I tried modifying the query vector and/or the corpus vectors to take into account a certain weight, but rather than emphasis a certain criteria, it modifies the result by changing the direction of the vector.

@Seventhunders:
What you say makes a lot of sense and I would love to give it a try. The problem is that, even if what you say works, it is computationally to expensive in regard of the two other methods I've found. When I asked that question in the science.math newsgroup, the very intelligent answer I've got was "if you can do it with the block distance, why try and do it with the cosine similarity" ... and he was right. Why try to go through so much trouble to get the cosine to work if I can simply use the euclidean/block distance.

I've attached a small part of the document I'm working on and if you have anything to add, I appreciate your constructive input.
• 04-17-2007
brewbuck
Quote:

Originally Posted by KONI
The cosine calculates the angle between two normalized projections of vectors onto their axis. If I modify that data by applying a "weight", I modify the position of that point on the axis. This doesn't influence one bit the importance of that vector onto the global result but rather the correctness of the result.
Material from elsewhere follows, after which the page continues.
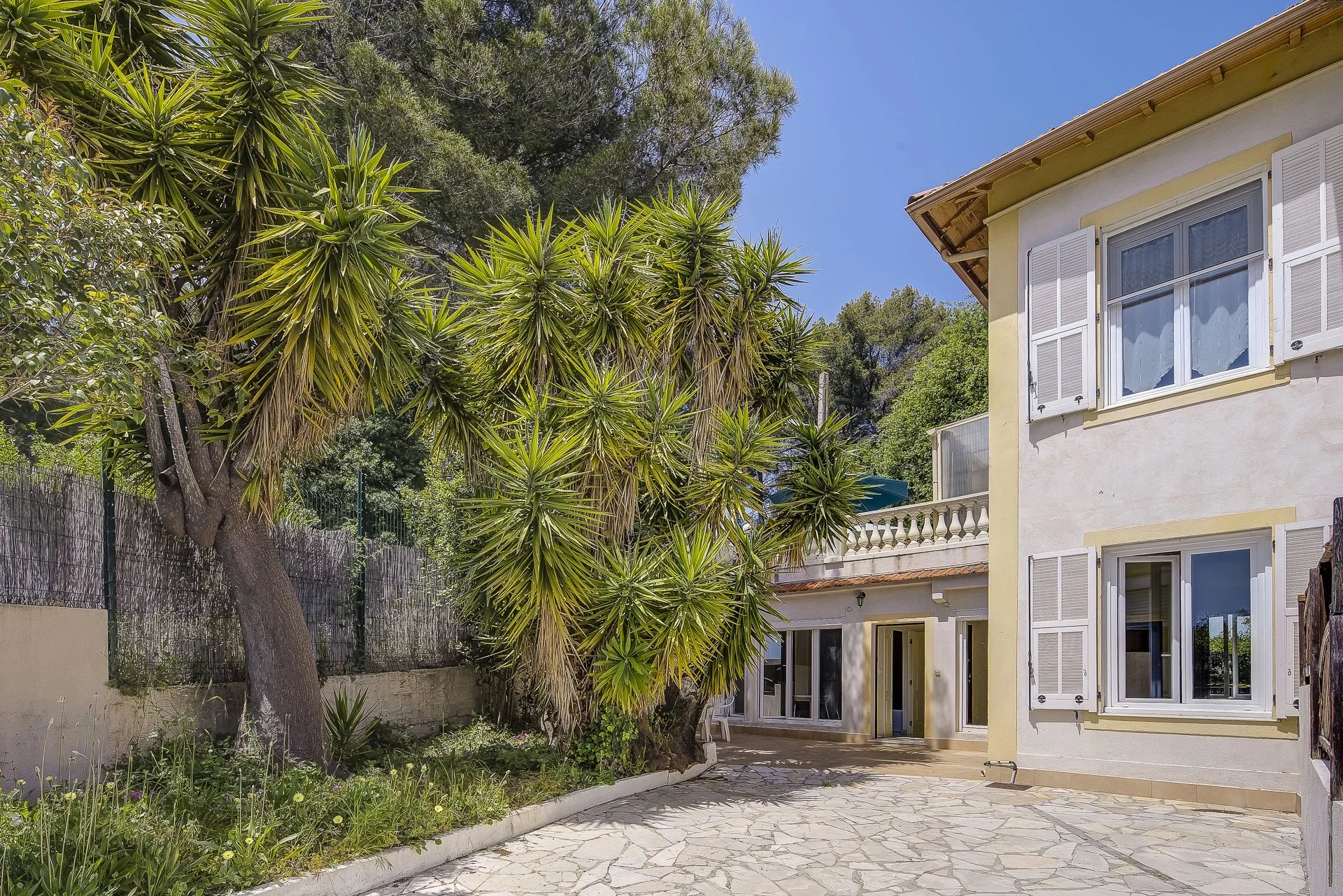 CAGNES-SUR-MER - 3 BEDROOM APARTMENT WITH TERRACE AND PARKING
I wasn't talking about changing the importance of vectors (I'm not sure what that even means). I meant to apply scaling to the particular elements of the vector. The idea being to cast the vectors into a new space where the cosine similarity measure gives better results. Finding the best transformation is going to take more effort than just trying a few values you think will work.

In other words, you are computing the cosine similarity between T(A) and T(B), instead of between A and B.